Collected data.
______

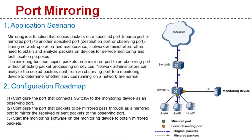Hello everybody. Today we're going to learn about the port mirroring function. What is the port mirroring function?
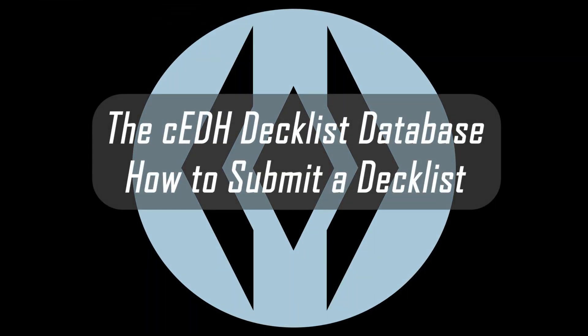Hello and welcome. In today's video, we're discussing how to submit a decklist to the decklist database. The first step is navigating to the decklist database. If you don't already have a link, you can find one in the description of this video or the pinned comment.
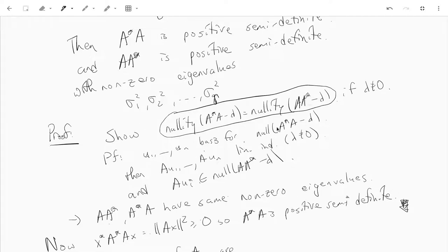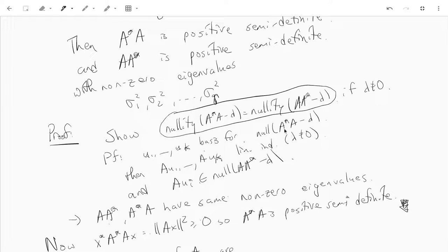Take a basis for the null space of A*A minus λ — call it u₁ up to uₖ. In other words, u₁ up to uₖ are eigenvectors for A*A with eigenvalue λ. We claim that Au₁ up to Auₖ are all linearly independent.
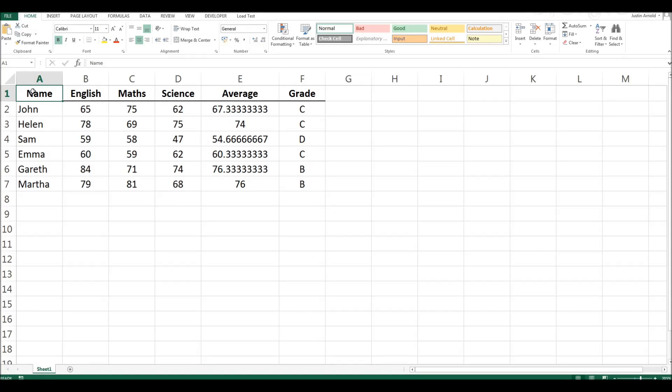Hello! So you have a spreadsheet with a column like this containing more decimal places than you know what to do with. How can you round those numbers to a set number of decimal places?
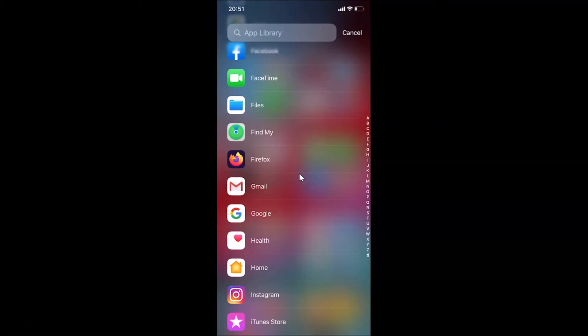That's it, guys. In this way you can easily move an app from home screen to app library on iPhone running iOS version 14.0.1. Thanks for watching. If you like my videos, please support this channel by subscribing to it. Thanks, bye.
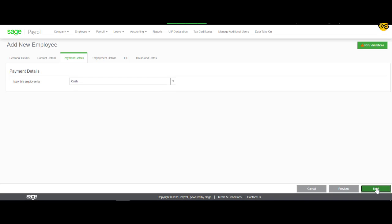In this section, you will enter in the information pertaining to how this employee will then be paid. Once you have completed this information, you can click on Next.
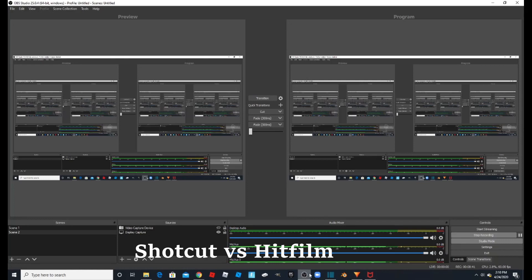I hope you enjoyed my comparison between Shotcut and HitFilm. Be sure to subscribe and like the video. See you later!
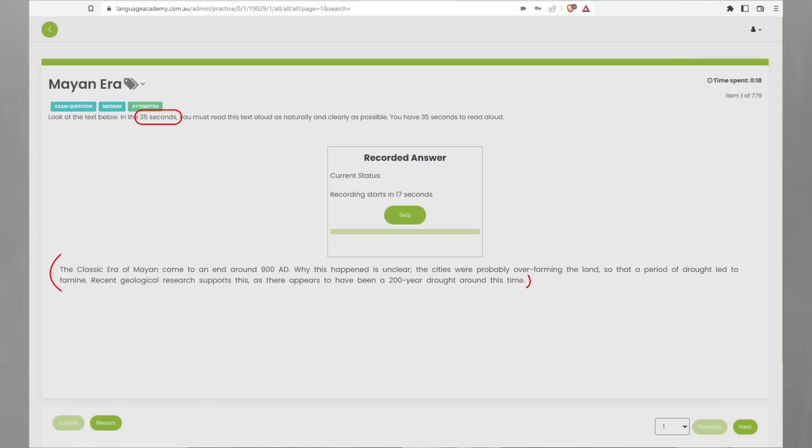You have 35 seconds before recording starts, and you can read, record, and then submit it.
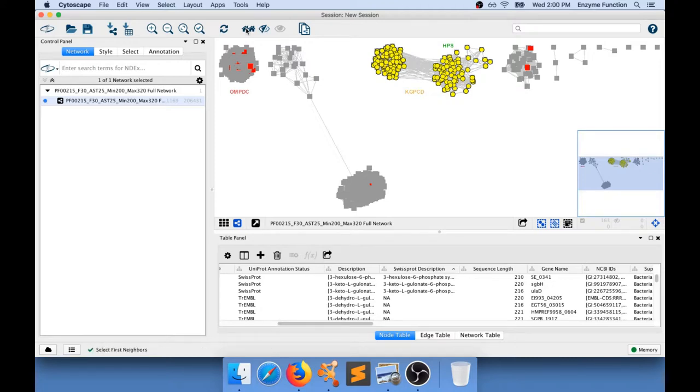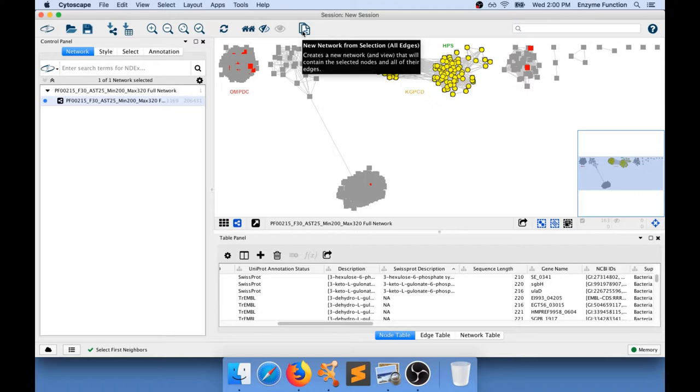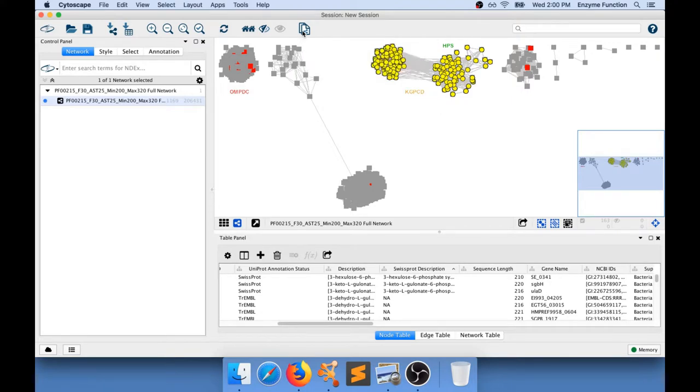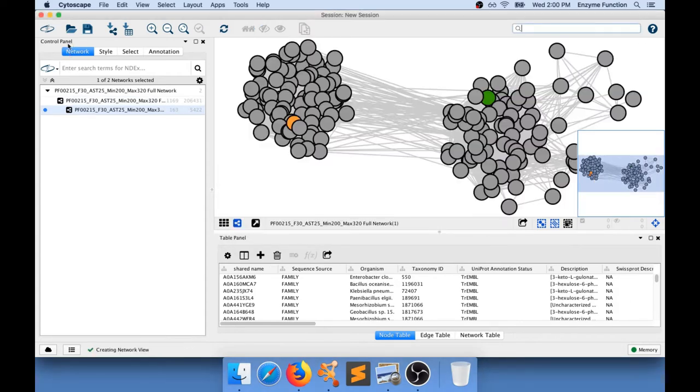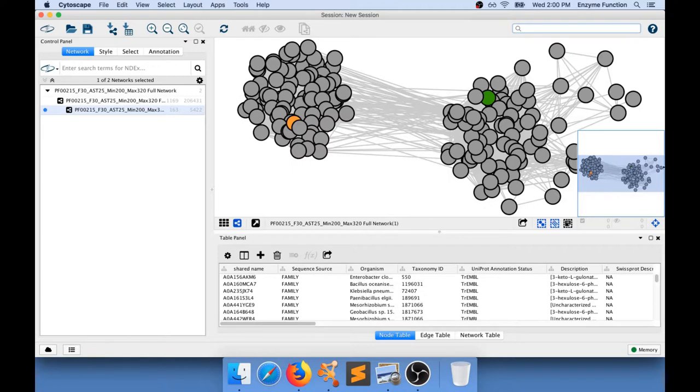What you can also do is generate a daughter network from selected nodes and edges. If you do that you will see in your network control panel in here you have a sub-network that appear from the first one that only show what you were working with.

______

WHAT THIS TASK INVOLVES.
Please print all the entries exactly as written, but drop the pictures.

EXERCISE RESULT.
Hello everybody. Today we're going to learn about the port mirroring function. What is the port mirroring function?
Hello and welcome. In today's video, we're discussing how to submit a decklist to the decklist database. The first step is navigating to the decklist database. If you don't already have a link, you can find one in the description of this video or the pinned comment.
Take a basis for the null space of A*A minus λ — call it u₁ up to uₖ. In other words, u₁ up to uₖ are eigenvectors for A*A with eigenvalue λ. We claim that Au₁ up to Auₖ are all linearly independent.
Hello! So you have a spreadsheet with a column like this containing more decimal places than you know what to do with. How can you round those numbers to a set number of decimal places?
That's it, guys. In this way you can easily move an app from home screen to app library on iPhone running iOS version 14.0.1. Thanks for watching. If you like my videos, please support this channel by subscribing to it. Thanks, bye.
In this section, you will enter in the information pertaining to how this employee will then be paid. Once you have completed this information, you can click on Next.
I hope you enjoyed my comparison between Shotcut and HitFilm. Be sure to subscribe and like the video. See you later!
You have 35 seconds before recording starts, and you can read, record, and then submit it.
What you can also do is generate a daughter network from selected nodes and edges. If you do that you will see in your network control panel in here you have a sub-network that appear from the first one that only show what you were working with.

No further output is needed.